Brief:
Data follows below. Repeat exactly the lines between the line holding "5126 Mark Drive NE Hickory NC 28601" and the line holding "Отель Petit Palace Тбилиси", inclusive, and nothing more; drop pictures.

Data for processing:
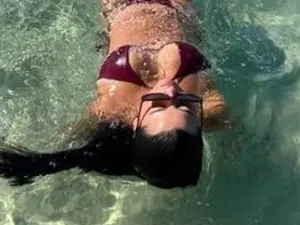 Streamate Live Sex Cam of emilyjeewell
==
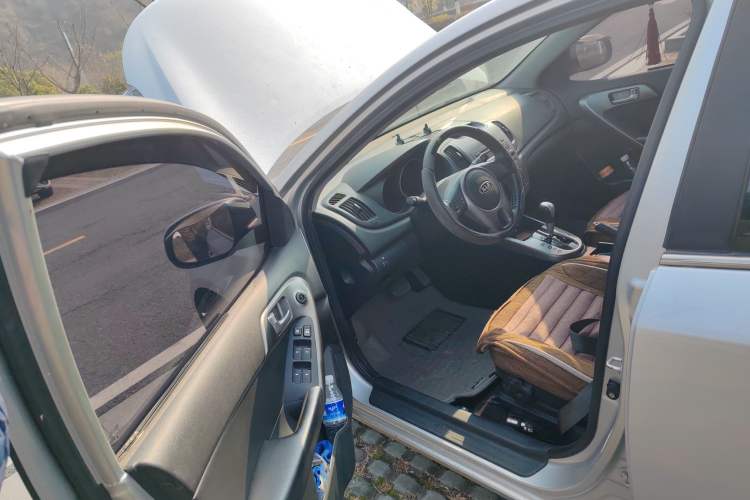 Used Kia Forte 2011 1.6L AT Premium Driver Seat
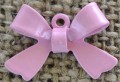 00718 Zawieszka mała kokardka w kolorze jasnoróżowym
---
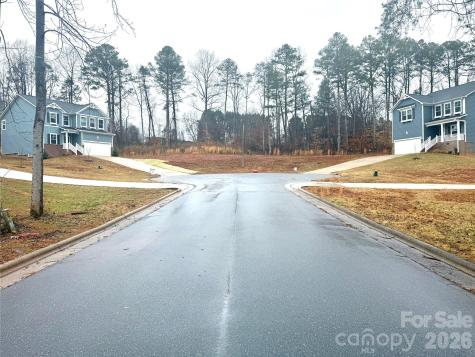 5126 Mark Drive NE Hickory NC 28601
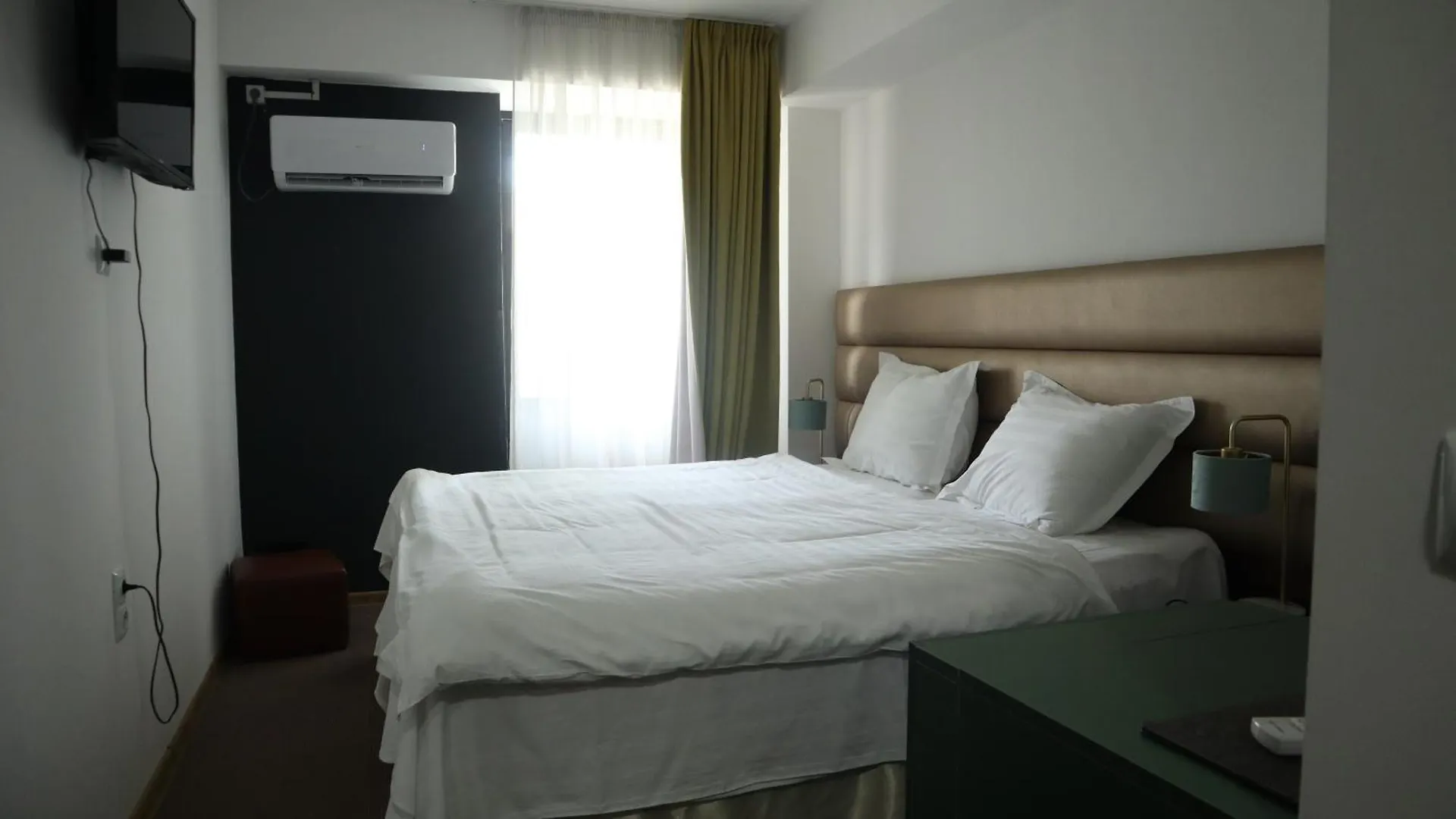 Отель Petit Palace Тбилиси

Worked solution:
 5126 Mark Drive NE Hickory NC 28601
 Отель Petit Palace Тбилиси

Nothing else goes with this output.